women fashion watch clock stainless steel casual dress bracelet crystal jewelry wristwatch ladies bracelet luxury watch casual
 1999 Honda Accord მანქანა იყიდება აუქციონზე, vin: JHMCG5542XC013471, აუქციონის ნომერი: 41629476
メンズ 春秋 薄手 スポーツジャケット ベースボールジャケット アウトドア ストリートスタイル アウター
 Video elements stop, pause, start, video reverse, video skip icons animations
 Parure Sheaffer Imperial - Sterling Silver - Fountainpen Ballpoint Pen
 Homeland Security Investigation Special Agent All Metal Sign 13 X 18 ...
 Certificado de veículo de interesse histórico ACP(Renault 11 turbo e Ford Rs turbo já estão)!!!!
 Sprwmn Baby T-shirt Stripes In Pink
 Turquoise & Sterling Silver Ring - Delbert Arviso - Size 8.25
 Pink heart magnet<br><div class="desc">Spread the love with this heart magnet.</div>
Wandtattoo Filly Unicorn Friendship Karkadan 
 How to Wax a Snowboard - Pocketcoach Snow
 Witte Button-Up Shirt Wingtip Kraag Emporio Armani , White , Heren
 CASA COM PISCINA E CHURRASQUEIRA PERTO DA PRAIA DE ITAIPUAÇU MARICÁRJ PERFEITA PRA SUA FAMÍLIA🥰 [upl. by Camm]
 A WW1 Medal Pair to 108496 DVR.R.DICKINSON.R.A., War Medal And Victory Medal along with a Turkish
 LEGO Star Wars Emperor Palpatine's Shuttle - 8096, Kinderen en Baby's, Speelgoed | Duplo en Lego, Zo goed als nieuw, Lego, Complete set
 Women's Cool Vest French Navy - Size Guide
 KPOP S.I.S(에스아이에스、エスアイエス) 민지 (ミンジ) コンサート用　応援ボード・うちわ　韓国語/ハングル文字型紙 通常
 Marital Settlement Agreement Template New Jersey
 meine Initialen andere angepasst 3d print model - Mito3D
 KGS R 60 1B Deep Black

━━━━━━━━━━━━━━━━━━━━

● **Work order**: From the "Video elements stop, pause, start, video" line to the close of the listing, restate each line word for word.

● **Reply to the exercise**:
 Video elements stop, pause, start, video reverse, video skip icons animations
 Parure Sheaffer Imperial - Sterling Silver - Fountainpen Ballpoint Pen
 Homeland Security Investigation Special Agent All Metal Sign 13 X 18 ...
 Certificado de veículo de interesse histórico ACP(Renault 11 turbo e Ford Rs turbo já estão)!!!!
 Sprwmn Baby T-shirt Stripes In Pink
 Turquoise & Sterling Silver Ring - Delbert Arviso - Size 8.25
 Pink heart magnet<br><div class="desc">Spread the love with this heart magnet.</div>
Wandtattoo Filly Unicorn Friendship Karkadan 
 How to Wax a Snowboard - Pocketcoach Snow
 Witte Button-Up Shirt Wingtip Kraag Emporio Armani , White , Heren
 CASA COM PISCINA E CHURRASQUEIRA PERTO DA PRAIA DE ITAIPUAÇU MARICÁRJ PERFEITA PRA SUA FAMÍLIA🥰 [upl. by Camm]
 A WW1 Medal Pair to 108496 DVR.R.DICKINSON.R.A., War Medal And Victory Medal along with a Turkish
 LEGO Star Wars Emperor Palpatine's Shuttle - 8096, Kinderen en Baby's, Speelgoed | Duplo en Lego, Zo goed als nieuw, Lego, Complete set
 Women's Cool Vest French Navy - Size Guide
 KPOP S.I.S(에스아이에스、エスアイエス) 민지 (ミンジ) コンサート用　応援ボード・うちわ　韓国語/ハングル文字型紙 通常
 Marital Settlement Agreement Template New Jersey
 meine Initialen andere angepasst 3d print model - Mito3D
 KGS R 60 1B Deep Black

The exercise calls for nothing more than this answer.